I love my children too, and they are absolutely my priority right now. If they weren't, I'd be teaching during the day instead of delivering papers at 3:30 every morning. When I worked full time while Plantboy was in school, it was hard, but I was grateful every day to be at a job I loved so much, even if it meant I had to be away from home.
Some days back I was standing in a group of women talking about mothering and those little things you do day in and day out a million times over. I don't think anybody was really complaining, just observing. One friend said, "Just think, if you worked, you'd miss out on making those lunches every day." She didn't mean to be sarcastic, but it sounded a bit that way. A couple of people in the group jumped on the tone, affirming how much they loved doing it and so on and so on.
Now, my own working experience was not having to drop kids off at daycare somewhere. I knew they were home being exceptionally well-cared for by Plantboy. Still, when everybody finished re-affirming how much happier they were at home than at work I couldn't help but say how much I had enjoyed working, and how much more centered I felt when I came home to my little ones each afternoon, ready to be a parent full time and enjoy their company.
Talk about being able to hear a pin drop.
The stay-at-home-mom thing in LDS circles is like being a Republican. Everybody just assumes that everybody is in complete agreement, even if there might be lots of different opinions in the room. My mom always worked (part time, as a nurse) and was always active in the church. I was never raised to see a conflict between working and mothering, nor was I raised to think that earning money was the sole province of the father.
Here is the thing: if women have the means and the desire to stay home I think it's wonderful. When I see sisters take a leap of faith to quit work and do full time childcare I think it's awesome. (I think it's not so awesome to listen to a handful of these same women spend much of their time complaining about money, however.) I think that men and women with testimonies need to do all they can to follow the prophet's counsel, but it might just be that there are times you have to choose which counsel to follow. When Plantboy went back to school we chose self-reliance over mom staying home. There was no way to pick both. Did we make the right decision? I think so. We certainly don't regret it.
I'm not so delusional as to think I can have it all, but I've always seen myself going back to work one day. Yes, yes, the money will be nice. My working might allow Plantboy to really pursue a career he dreams about though the pay is lower. A house with more space would be nice: I had that recurring dream again this week where I discover a secret door leading to a part of the house I didn't know existed, like something straight from a JK Rowling novel. Being able to sock a little bit more each month into our savings would be a relief. A current teaching certification would be a fantastic life insurance policy.
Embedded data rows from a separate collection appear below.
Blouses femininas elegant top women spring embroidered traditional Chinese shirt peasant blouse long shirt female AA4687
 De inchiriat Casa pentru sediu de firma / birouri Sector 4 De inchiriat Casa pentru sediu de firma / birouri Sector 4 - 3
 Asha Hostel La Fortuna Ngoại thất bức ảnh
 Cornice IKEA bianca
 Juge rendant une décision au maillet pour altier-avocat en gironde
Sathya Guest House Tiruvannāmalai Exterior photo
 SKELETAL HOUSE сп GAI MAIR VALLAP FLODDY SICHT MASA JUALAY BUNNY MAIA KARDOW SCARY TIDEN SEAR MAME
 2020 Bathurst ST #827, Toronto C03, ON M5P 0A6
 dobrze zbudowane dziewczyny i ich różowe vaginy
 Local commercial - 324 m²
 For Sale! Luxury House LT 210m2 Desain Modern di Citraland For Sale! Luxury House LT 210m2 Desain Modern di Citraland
All of these are great reasons, but at the end of the day I think the main reason I see myself working, is just that I like it. I'm good at it. Classroom teaching is really the one thing I feel like I have a clear talent for. It isn't just a job or a career for me, it is a passion. It's a gift. The thought of never going back makes me feel like a bucket of cold water has been dumped on my head.
In recent months I've heard people say the following, "Well, STM, maybe it's time to find a new passion." "We would never even consider a loan just for the wife's education" "Can't you just teach your children or at church?" While each person might have a point, none of these things sit all that well with me.
These thoughts have been on my mind partly because of my young women, but also because of something else: as my family gets older and busier, my tutoring is interfering too much with family life. Our afternoons are crazy and I feel like we are all in a mild state of disarray on the days I tutor. Add a night of YW into the mix and well, it is just too much. We are at a crossroads. Or maybe an impasse.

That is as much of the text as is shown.